NEW YORK, Aug 6 (Reuters) - A federal appeals court on
Tuesday said a Citigroup ( C/PN ) vice president was not entitled
to a share of a $400 million civil fine that the bank agreed to
pay in October 2020 over its risk management failures.
The 2nd U.S. Circuit Court of Appeals in Manhattan said
Tamika Miller did not show that her whistleblowing over
Citigroup's ( C/PN ) alleged altering of audit reports obligated the bank
to pay a penalty, leading to its settlement with the Federal
Reserve and the Office of the Comptroller of the Currency (OCC).

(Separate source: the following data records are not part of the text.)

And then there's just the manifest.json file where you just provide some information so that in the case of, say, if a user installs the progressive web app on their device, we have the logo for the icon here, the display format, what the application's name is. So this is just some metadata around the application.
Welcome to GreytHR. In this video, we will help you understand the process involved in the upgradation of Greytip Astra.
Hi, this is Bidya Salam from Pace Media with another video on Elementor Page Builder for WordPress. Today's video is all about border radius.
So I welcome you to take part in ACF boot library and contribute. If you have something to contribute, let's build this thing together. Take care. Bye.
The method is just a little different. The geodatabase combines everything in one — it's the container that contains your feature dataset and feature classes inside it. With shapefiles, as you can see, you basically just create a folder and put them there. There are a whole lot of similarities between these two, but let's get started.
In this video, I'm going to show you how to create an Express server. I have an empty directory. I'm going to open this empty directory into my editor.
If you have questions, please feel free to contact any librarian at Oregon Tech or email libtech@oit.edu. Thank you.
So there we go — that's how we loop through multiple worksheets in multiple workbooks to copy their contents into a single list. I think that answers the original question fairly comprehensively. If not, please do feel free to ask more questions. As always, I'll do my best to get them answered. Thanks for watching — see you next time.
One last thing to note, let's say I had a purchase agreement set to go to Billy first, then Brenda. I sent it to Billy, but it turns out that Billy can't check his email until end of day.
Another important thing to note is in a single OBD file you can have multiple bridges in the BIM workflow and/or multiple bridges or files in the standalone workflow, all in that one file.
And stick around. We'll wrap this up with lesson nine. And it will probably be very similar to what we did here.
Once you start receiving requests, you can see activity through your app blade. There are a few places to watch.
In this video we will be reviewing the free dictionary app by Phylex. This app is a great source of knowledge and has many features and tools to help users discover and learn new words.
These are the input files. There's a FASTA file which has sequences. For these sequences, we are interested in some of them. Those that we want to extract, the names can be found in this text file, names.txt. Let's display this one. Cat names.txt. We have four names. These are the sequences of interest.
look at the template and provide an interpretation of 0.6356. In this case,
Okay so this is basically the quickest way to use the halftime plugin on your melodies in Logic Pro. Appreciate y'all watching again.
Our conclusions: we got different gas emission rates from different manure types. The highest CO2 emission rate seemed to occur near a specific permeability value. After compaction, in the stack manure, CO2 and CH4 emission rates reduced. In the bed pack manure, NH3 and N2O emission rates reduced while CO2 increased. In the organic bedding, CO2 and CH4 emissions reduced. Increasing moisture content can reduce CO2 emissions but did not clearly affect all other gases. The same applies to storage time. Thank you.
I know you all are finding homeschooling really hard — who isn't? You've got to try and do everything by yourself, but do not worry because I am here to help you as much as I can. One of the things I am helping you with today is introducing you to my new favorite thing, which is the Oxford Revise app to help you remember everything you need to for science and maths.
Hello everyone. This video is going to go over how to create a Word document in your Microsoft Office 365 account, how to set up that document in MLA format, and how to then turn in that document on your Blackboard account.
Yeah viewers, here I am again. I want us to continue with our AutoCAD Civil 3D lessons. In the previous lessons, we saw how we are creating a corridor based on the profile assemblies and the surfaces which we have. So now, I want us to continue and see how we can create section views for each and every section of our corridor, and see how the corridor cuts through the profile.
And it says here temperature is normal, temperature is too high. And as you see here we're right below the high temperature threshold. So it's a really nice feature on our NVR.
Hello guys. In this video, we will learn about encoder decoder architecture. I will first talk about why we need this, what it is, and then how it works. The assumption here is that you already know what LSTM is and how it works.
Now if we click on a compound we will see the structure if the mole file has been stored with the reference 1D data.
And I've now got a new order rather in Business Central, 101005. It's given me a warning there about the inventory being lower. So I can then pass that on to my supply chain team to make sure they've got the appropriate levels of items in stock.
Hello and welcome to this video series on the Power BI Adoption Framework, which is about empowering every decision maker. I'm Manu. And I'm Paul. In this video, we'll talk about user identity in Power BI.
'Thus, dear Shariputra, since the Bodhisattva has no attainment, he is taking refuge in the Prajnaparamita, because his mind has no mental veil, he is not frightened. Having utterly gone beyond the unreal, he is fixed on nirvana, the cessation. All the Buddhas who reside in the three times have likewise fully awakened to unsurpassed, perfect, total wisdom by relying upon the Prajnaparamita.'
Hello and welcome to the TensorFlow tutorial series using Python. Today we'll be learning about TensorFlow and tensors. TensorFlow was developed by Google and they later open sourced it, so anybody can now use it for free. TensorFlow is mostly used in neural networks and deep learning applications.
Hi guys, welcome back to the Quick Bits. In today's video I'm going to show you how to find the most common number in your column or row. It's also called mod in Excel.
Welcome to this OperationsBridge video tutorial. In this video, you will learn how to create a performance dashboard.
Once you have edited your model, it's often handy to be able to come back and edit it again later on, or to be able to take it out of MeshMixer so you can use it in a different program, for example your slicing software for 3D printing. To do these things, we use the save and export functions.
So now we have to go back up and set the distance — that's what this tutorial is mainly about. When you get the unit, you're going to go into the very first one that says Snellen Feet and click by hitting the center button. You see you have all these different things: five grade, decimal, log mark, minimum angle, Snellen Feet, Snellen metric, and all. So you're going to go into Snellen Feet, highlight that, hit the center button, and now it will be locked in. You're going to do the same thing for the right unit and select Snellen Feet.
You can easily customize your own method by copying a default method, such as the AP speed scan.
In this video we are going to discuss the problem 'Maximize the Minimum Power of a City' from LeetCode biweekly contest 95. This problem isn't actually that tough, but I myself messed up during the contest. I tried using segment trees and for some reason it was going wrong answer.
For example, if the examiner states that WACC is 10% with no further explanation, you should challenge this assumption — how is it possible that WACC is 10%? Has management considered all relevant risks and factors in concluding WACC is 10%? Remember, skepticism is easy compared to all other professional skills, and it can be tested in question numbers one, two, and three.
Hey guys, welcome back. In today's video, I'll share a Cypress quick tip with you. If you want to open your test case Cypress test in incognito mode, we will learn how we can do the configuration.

Miller said Citigroup's ( C/PN ) conduct violated its $700 million
settlement in 2015 with the Consumer Financial Protection Bureau
over its credit card business, and its $35 million settlement
the same day with the OCC over its marketing practices.
However, Circuit Judge Denny Chin, writing for a three-judge
panel, said that federal law gave the OCC discretion, but not an
obligation, to fine Citigroup ( C/PN ) over the audit reports. He said
that doomed Miller's accusation that the third-largest U.S. bank
hid its compliance failures to avoid a fine that the government
was entitled to collect.
Chin also said that the lawsuit by Miller, a Citigroup ( C/PN ) risk
management employee since 2014, was "bereft of the details
needed to provide Citibank with 'fair notice' of her claim, and
instead resembles an attempt to use the litigation process to
discover hypothetical wrongdoing."
Lawyers for Miller did not immediately respond to requests
for comment. Citigroup ( C/PN ) did not immediately respond to similar
requests.
Miller sued under the federal False Claims Act, which lets
whistleblowers sue on behalf of the government and share in
recoveries, typically 15% to 30%.
Such cases typically argue that companies received money
they weren't entitled to. Miller's case was a "reverse false
claim" contending that Citigroup ( C/PN ) kept money it should have paid.
Jane Fraser, Citigroup's ( C/PN ) chief executive, has made cleaning
up the New York-based bank's regulatory failings a top priority
since taking over in March 2021.
The case is U.S. ex rel Miller v Citibank NA, 2nd U.S.
Circuit Court of Appeals, No. 22-1615.